[Short text fragments from websites]
+ + + + + + +

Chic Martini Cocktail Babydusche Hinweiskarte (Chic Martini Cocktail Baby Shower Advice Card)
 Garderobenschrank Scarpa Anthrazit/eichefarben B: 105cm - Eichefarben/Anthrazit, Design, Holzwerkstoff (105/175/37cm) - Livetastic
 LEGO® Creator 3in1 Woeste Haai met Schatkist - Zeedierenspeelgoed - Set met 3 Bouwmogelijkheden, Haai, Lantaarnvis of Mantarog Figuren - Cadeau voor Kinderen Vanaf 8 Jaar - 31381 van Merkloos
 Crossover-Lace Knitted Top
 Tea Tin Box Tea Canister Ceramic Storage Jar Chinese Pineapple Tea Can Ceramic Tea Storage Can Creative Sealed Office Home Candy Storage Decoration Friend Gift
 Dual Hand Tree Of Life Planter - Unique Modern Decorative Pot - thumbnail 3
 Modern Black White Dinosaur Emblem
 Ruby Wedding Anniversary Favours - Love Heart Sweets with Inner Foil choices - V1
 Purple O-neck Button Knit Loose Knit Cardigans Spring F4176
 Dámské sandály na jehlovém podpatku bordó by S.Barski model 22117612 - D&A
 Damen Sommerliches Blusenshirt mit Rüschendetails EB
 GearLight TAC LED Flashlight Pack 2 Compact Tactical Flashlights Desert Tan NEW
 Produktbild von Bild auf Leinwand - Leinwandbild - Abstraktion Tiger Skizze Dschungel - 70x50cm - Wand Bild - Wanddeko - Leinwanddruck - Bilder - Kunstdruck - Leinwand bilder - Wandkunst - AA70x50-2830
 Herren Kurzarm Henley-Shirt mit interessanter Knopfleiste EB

+ + + + + + +

#### WHAT THE EXERCISE ASKS:
Output the data once more, exactly as given.

#### SOLUTION FOR THIS EXERCISE:
Chic Martini Cocktail Babydusche Hinweiskarte (Chic Martini Cocktail Baby Shower Advice Card)
 Garderobenschrank Scarpa Anthrazit/eichefarben B: 105cm - Eichefarben/Anthrazit, Design, Holzwerkstoff (105/175/37cm) - Livetastic
 LEGO® Creator 3in1 Woeste Haai met Schatkist - Zeedierenspeelgoed - Set met 3 Bouwmogelijkheden, Haai, Lantaarnvis of Mantarog Figuren - Cadeau voor Kinderen Vanaf 8 Jaar - 31381 van Merkloos
 Crossover-Lace Knitted Top
 Tea Tin Box Tea Canister Ceramic Storage Jar Chinese Pineapple Tea Can Ceramic Tea Storage Can Creative Sealed Office Home Candy Storage Decoration Friend Gift
 Dual Hand Tree Of Life Planter - Unique Modern Decorative Pot - thumbnail 3
 Modern Black White Dinosaur Emblem
 Ruby Wedding Anniversary Favours - Love Heart Sweets with Inner Foil choices - V1
 Purple O-neck Button Knit Loose Knit Cardigans Spring F4176
 Dámské sandály na jehlovém podpatku bordó by S.Barski model 22117612 - D&A
 Damen Sommerliches Blusenshirt mit Rüschendetails EB
 GearLight TAC LED Flashlight Pack 2 Compact Tactical Flashlights Desert Tan NEW
 Produktbild von Bild auf Leinwand - Leinwandbild - Abstraktion Tiger Skizze Dschungel - 70x50cm - Wand Bild - Wanddeko - Leinwanddruck - Bilder - Kunstdruck - Leinwand bilder - Wandkunst - AA70x50-2830
 Herren Kurzarm Henley-Shirt mit interessanter Knopfleiste EB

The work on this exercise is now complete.